Work request> Everything from the line with "River Island Dancing" to the line with "Hyundai I20 1.0T" in the listing below, both lines included, needs to be copied exactly, apart from the pictures.

Material shown>
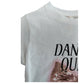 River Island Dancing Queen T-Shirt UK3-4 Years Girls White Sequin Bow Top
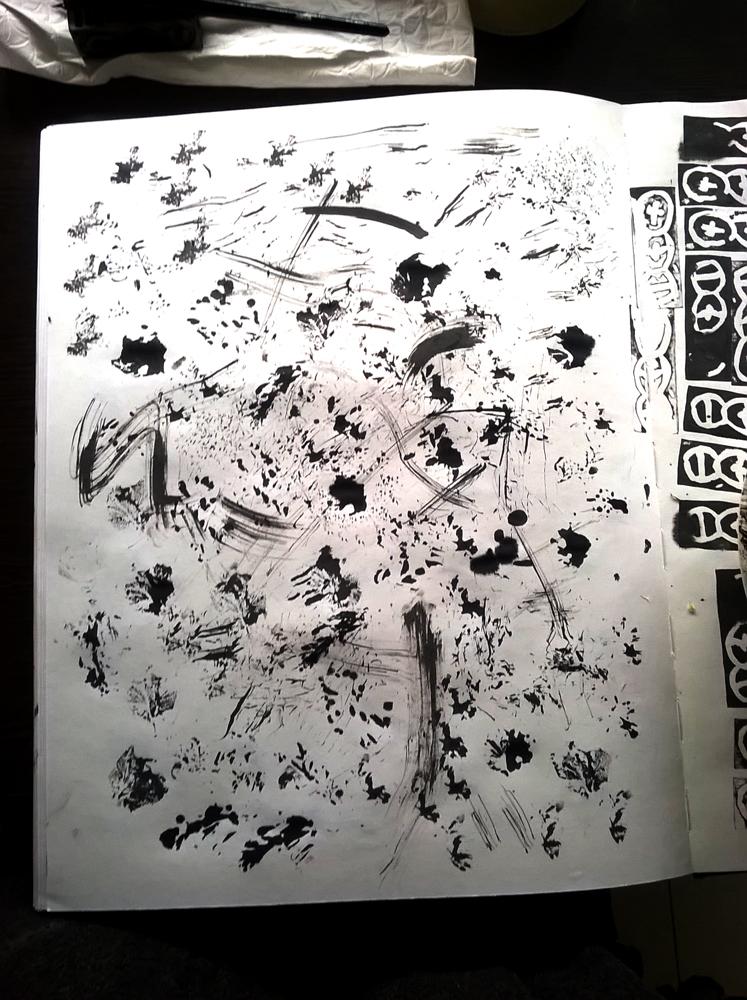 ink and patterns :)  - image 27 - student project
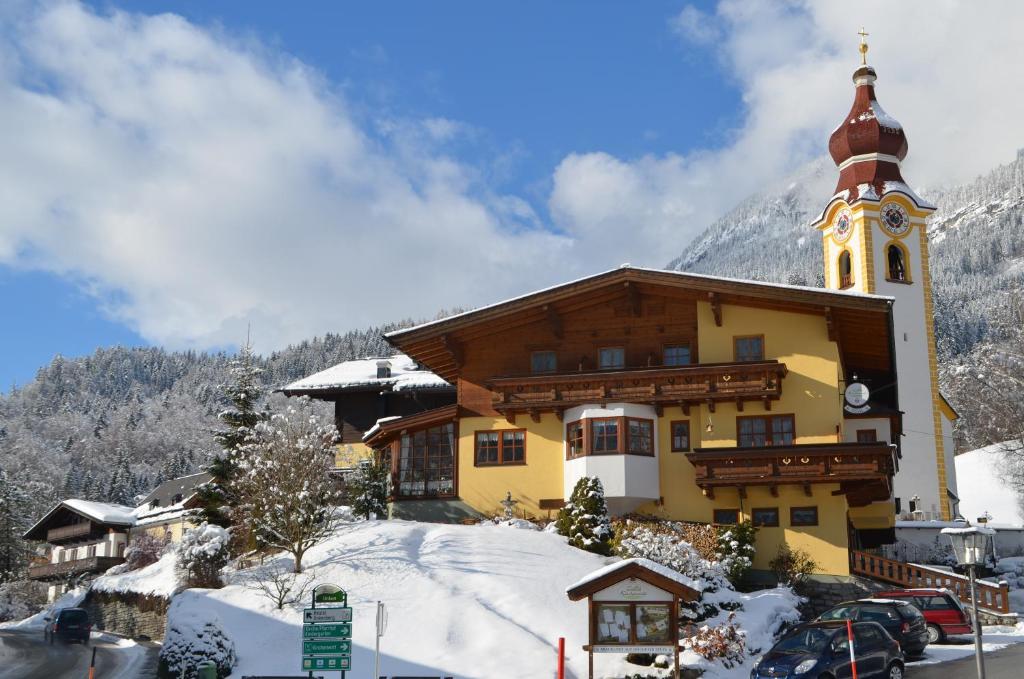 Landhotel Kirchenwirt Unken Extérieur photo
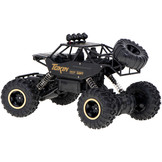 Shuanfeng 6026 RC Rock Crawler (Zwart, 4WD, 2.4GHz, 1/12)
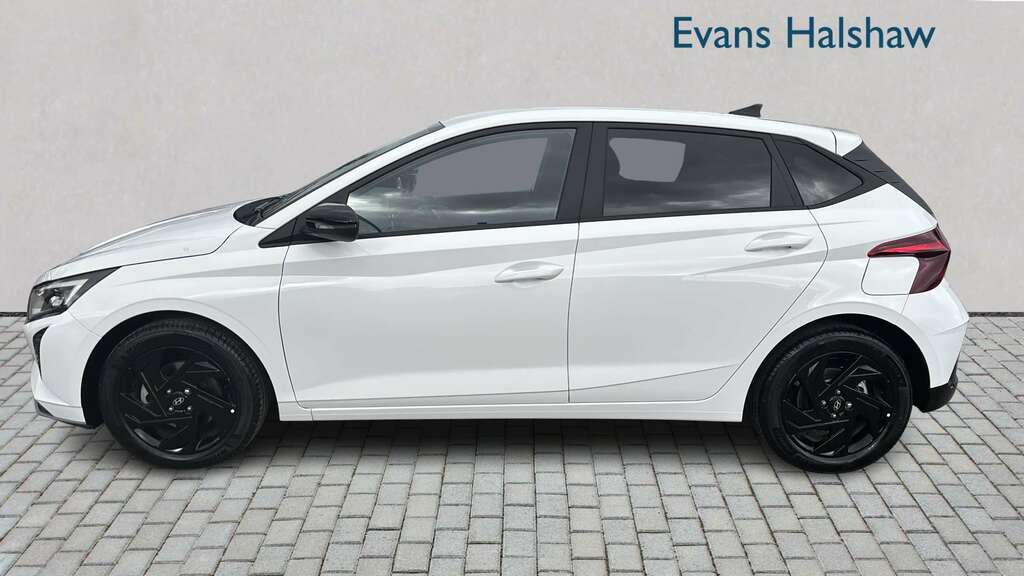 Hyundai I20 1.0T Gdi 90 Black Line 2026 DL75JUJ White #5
==
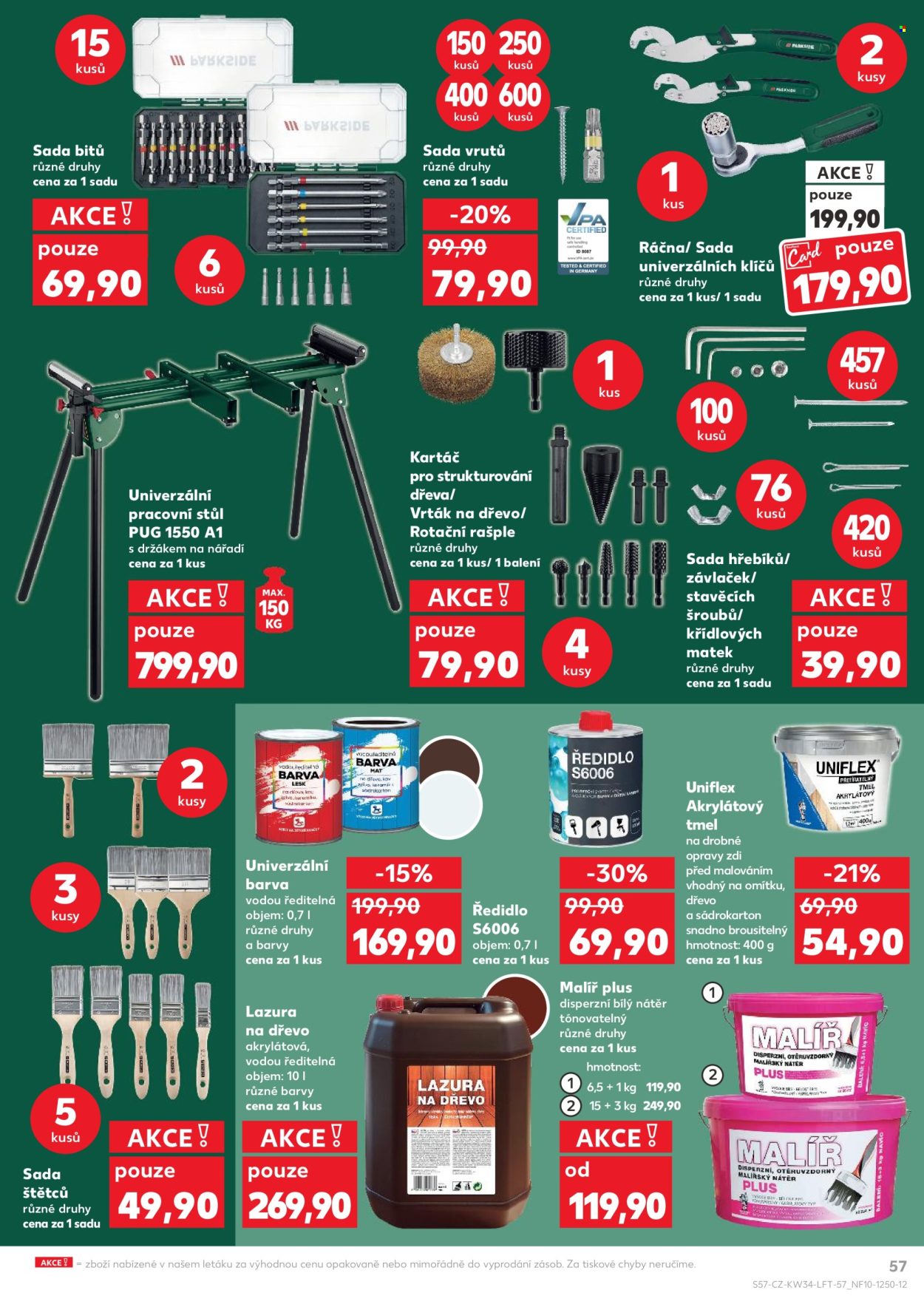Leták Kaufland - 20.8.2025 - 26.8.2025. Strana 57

Answer to the problem>
 River Island Dancing Queen T-Shirt UK3-4 Years Girls White Sequin Bow Top
 ink and patterns :)  - image 27 - student project
 Landhotel Kirchenwirt Unken Extérieur photo
 Shuanfeng 6026 RC Rock Crawler (Zwart, 4WD, 2.4GHz, 1/12)
 Hyundai I20 1.0T Gdi 90 Black Line 2026 DL75JUJ White #5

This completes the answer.